(Captioned web image data)
—————

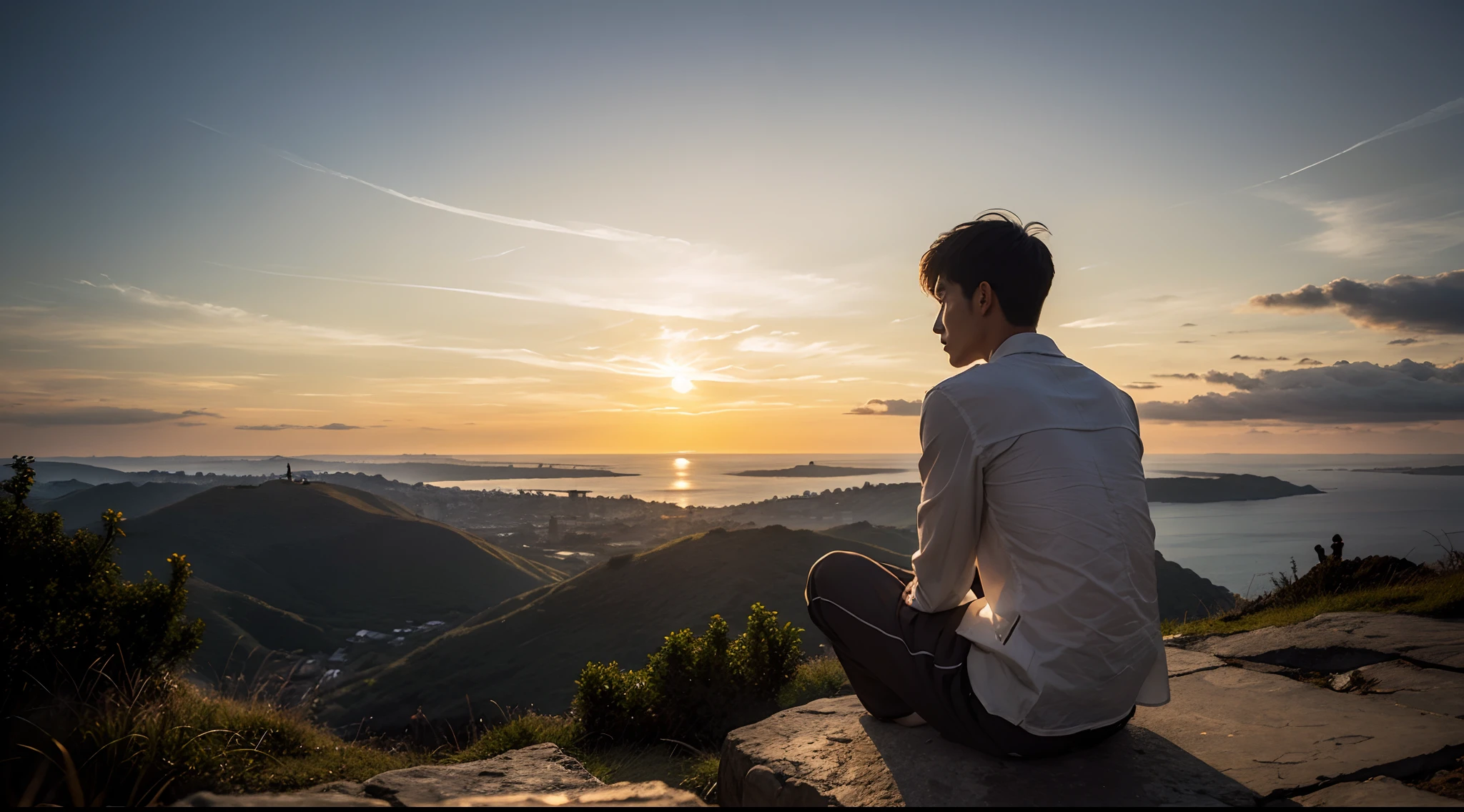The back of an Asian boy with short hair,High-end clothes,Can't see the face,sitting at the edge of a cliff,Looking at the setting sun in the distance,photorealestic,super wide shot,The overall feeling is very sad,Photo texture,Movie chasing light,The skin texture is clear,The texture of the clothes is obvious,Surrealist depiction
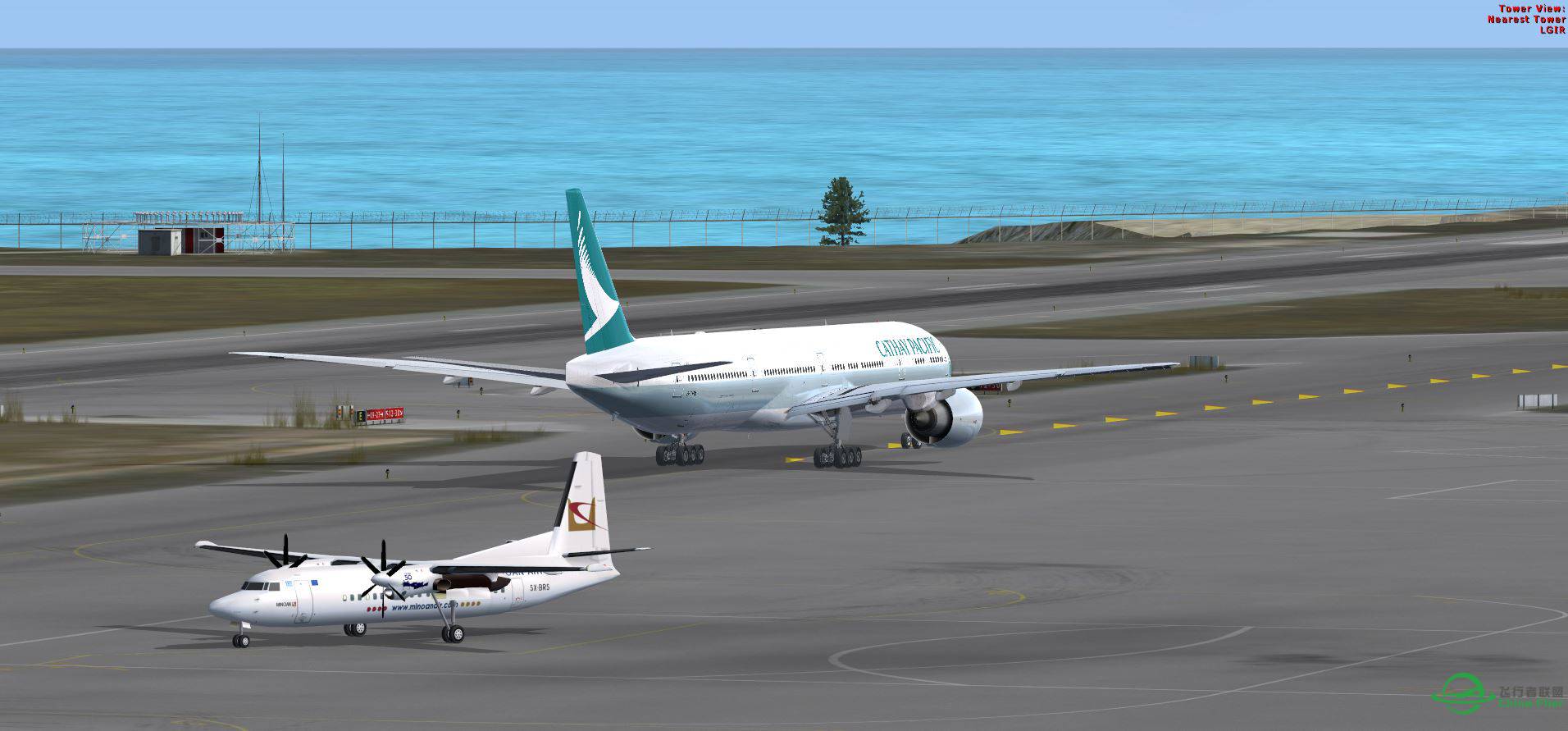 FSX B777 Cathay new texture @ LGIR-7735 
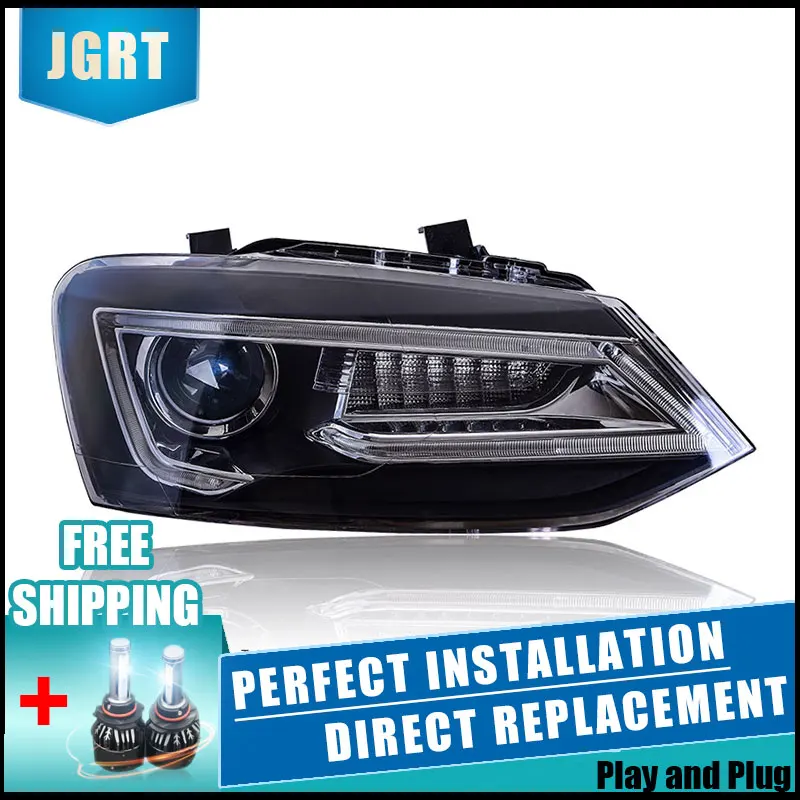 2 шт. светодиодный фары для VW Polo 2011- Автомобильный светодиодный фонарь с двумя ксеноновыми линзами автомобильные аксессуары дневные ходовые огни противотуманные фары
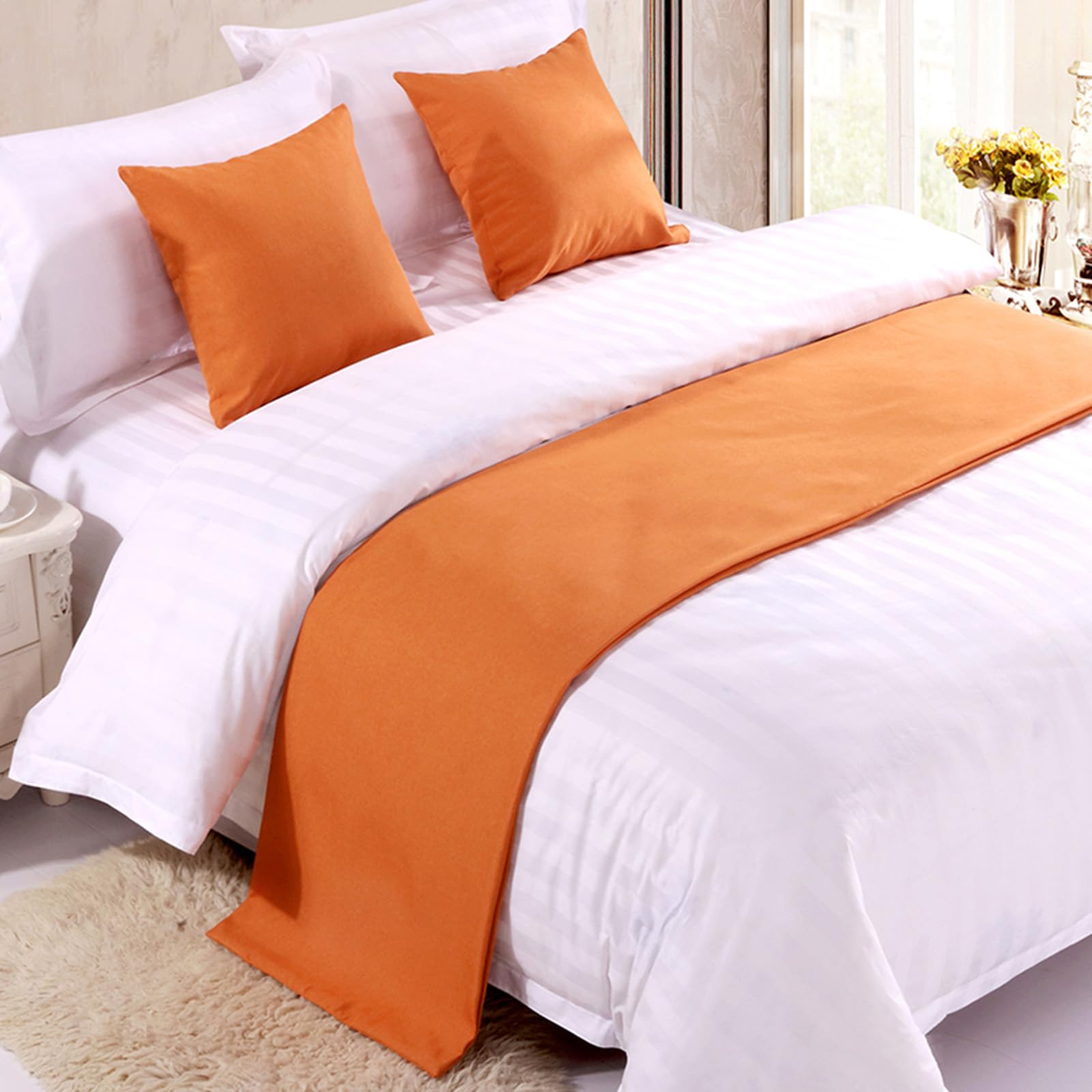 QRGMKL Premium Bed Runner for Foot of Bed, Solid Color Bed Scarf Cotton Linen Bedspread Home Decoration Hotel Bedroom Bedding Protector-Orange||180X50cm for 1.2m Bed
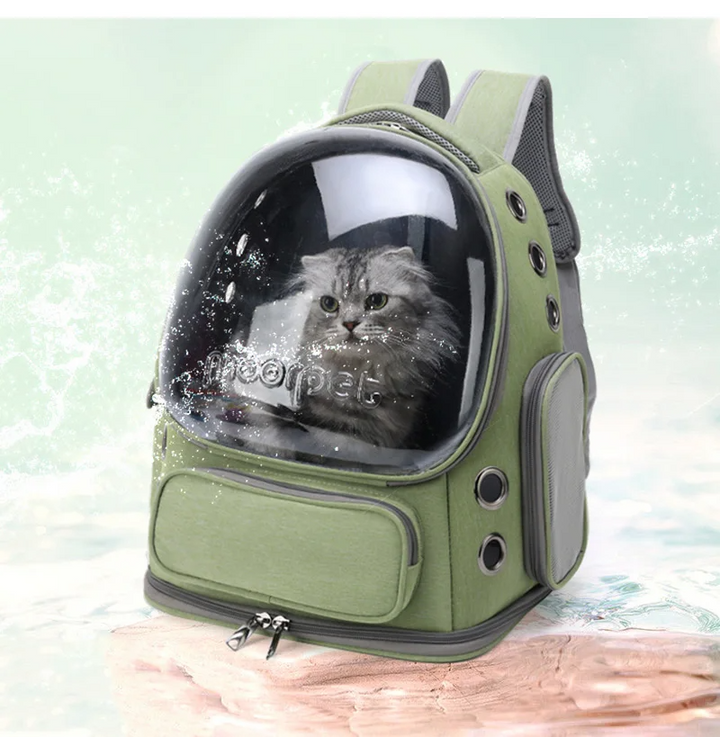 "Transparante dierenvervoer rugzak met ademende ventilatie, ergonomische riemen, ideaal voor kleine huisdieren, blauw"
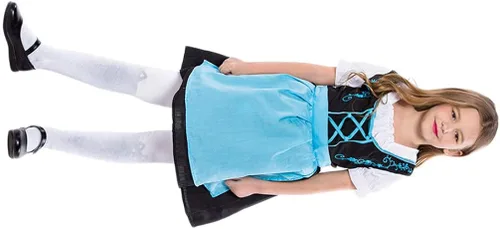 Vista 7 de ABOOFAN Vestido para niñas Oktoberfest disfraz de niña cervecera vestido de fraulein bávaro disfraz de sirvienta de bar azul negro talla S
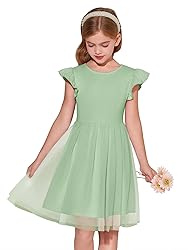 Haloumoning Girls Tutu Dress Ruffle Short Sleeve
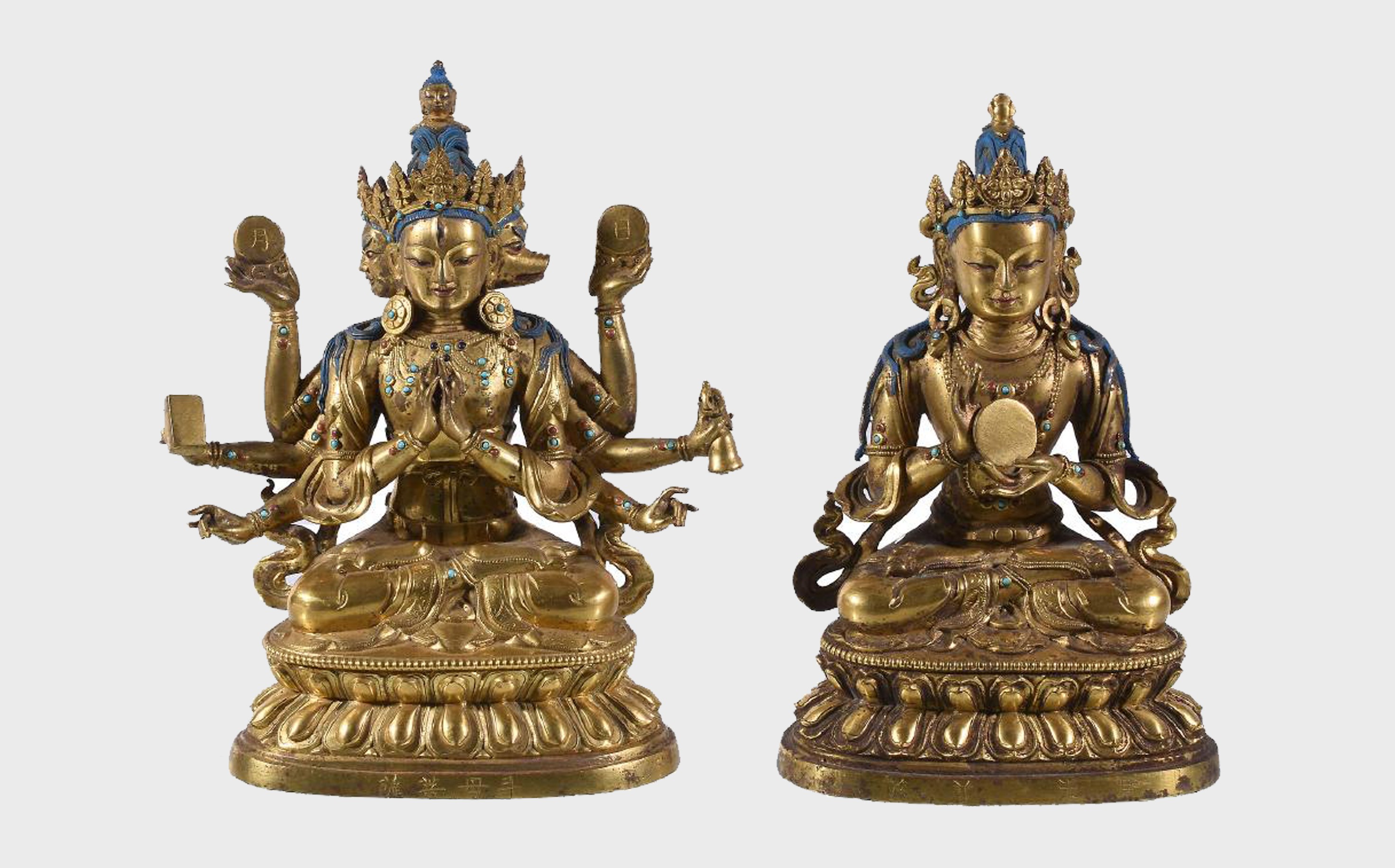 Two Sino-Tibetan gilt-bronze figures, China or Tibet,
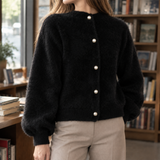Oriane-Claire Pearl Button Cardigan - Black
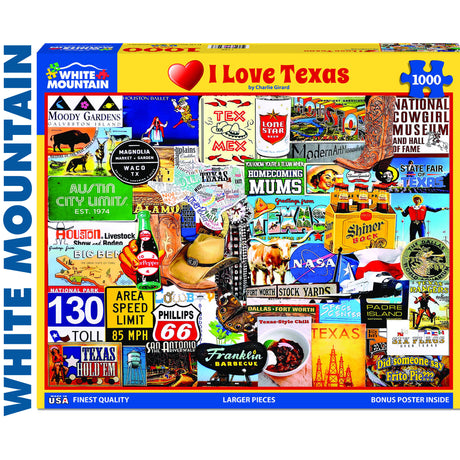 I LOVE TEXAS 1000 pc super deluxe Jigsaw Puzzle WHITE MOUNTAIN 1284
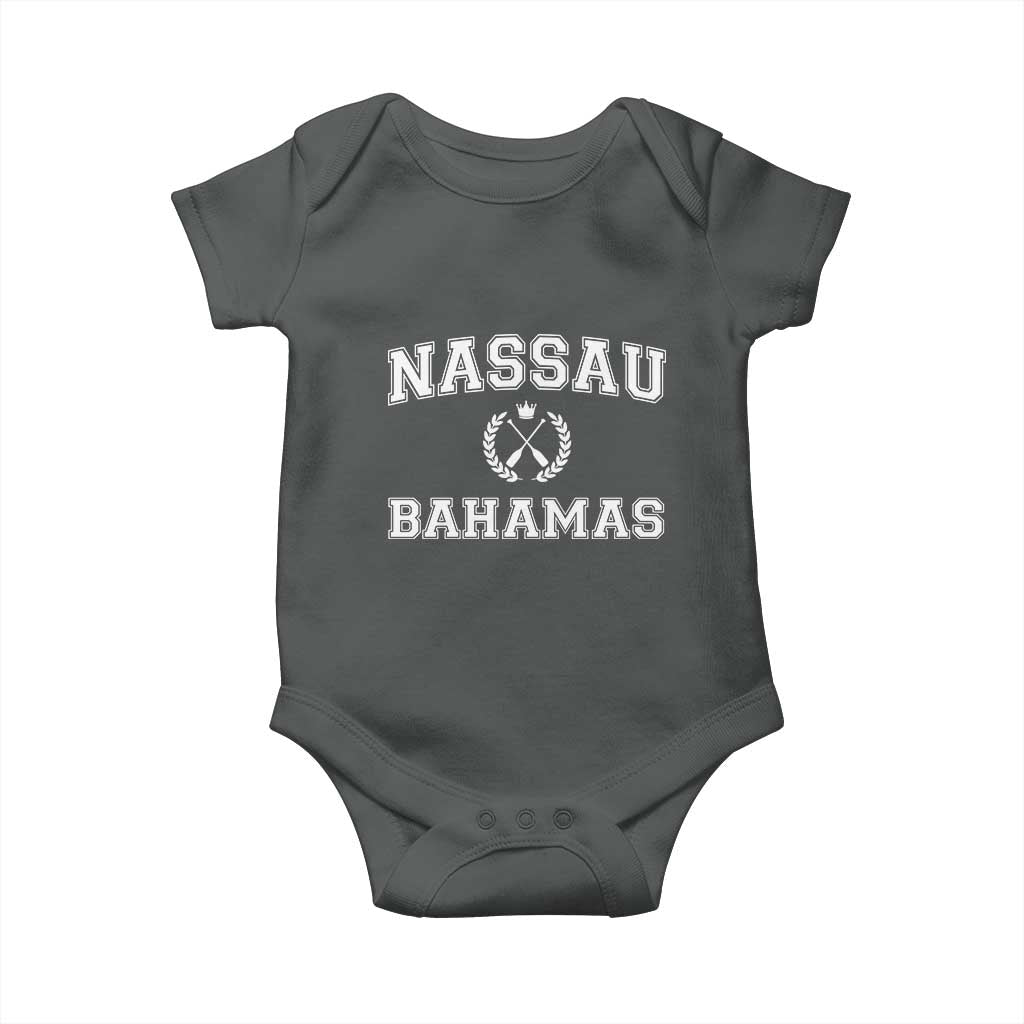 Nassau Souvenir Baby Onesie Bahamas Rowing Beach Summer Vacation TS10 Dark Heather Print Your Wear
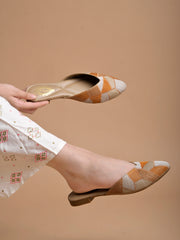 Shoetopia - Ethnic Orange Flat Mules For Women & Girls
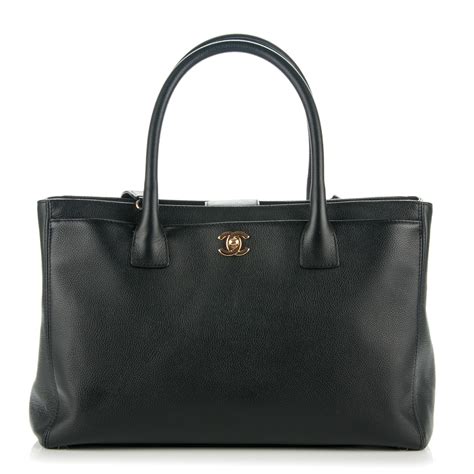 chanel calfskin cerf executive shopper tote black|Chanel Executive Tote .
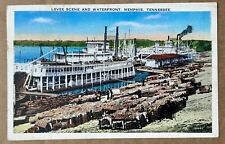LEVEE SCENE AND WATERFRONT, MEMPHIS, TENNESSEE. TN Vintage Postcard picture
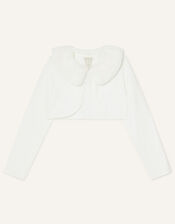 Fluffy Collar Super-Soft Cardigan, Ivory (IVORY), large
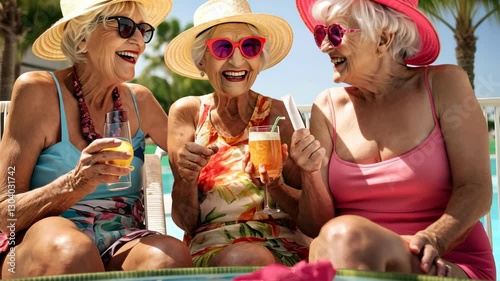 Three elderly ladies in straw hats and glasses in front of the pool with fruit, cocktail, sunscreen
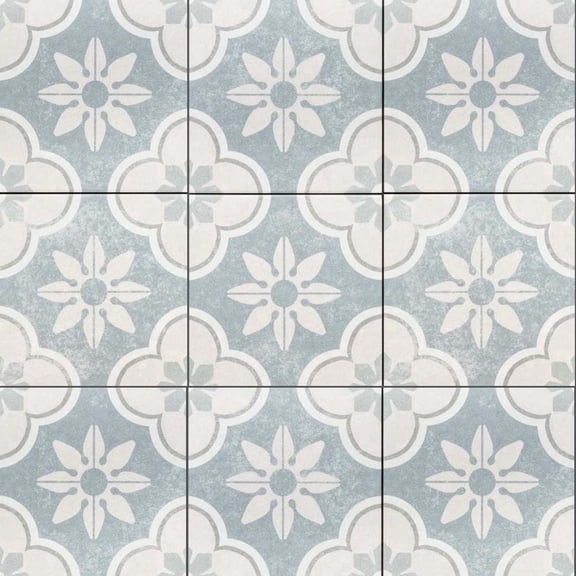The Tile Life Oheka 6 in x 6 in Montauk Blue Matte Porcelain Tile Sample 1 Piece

—————

Each line above should be output exactly, apart from the pictures.

== ANSWER TO THIS PROBLEM ==
The back of an Asian boy with short hair,High-end clothes,Can't see the face,sitting at the edge of a cliff,Looking at the setting sun in the distance,photorealestic,super wide shot,The overall feeling is very sad,Photo texture,Movie chasing light,The skin texture is clear,The texture of the clothes is obvious,Surrealist depiction
 FSX B777 Cathay new texture @ LGIR-7735 
 2 шт. светодиодный фары для VW Polo 2011- Автомобильный светодиодный фонарь с двумя ксеноновыми линзами автомобильные аксессуары дневные ходовые огни противотуманные фары
 QRGMKL Premium Bed Runner for Foot of Bed, Solid Color Bed Scarf Cotton Linen Bedspread Home Decoration Hotel Bedroom Bedding Protector-Orange||180X50cm for 1.2m Bed
 "Transparante dierenvervoer rugzak met ademende ventilatie, ergonomische riemen, ideaal voor kleine huisdieren, blauw"
 Vista 7 de ABOOFAN Vestido para niñas Oktoberfest disfraz de niña cervecera vestido de fraulein bávaro disfraz de sirvienta de bar azul negro talla S
 Haloumoning Girls Tutu Dress Ruffle Short Sleeve
 Two Sino-Tibetan gilt-bronze figures, China or Tibet,
Oriane-Claire Pearl Button Cardigan - Black
 I LOVE TEXAS 1000 pc super deluxe Jigsaw Puzzle WHITE MOUNTAIN 1284
 Nassau Souvenir Baby Onesie Bahamas Rowing Beach Summer Vacation TS10 Dark Heather Print Your Wear
 Shoetopia - Ethnic Orange Flat Mules For Women & Girls
 chanel calfskin cerf executive shopper tote black|Chanel Executive Tote .
LEVEE SCENE AND WATERFRONT, MEMPHIS, TENNESSEE. TN Vintage Postcard picture
 Fluffy Collar Super-Soft Cardigan, Ivory (IVORY), large
 Three elderly ladies in straw hats and glasses in front of the pool with fruit, cocktail, sunscreen
The Tile Life Oheka 6 in x 6 in Montauk Blue Matte Porcelain Tile Sample 1 Piece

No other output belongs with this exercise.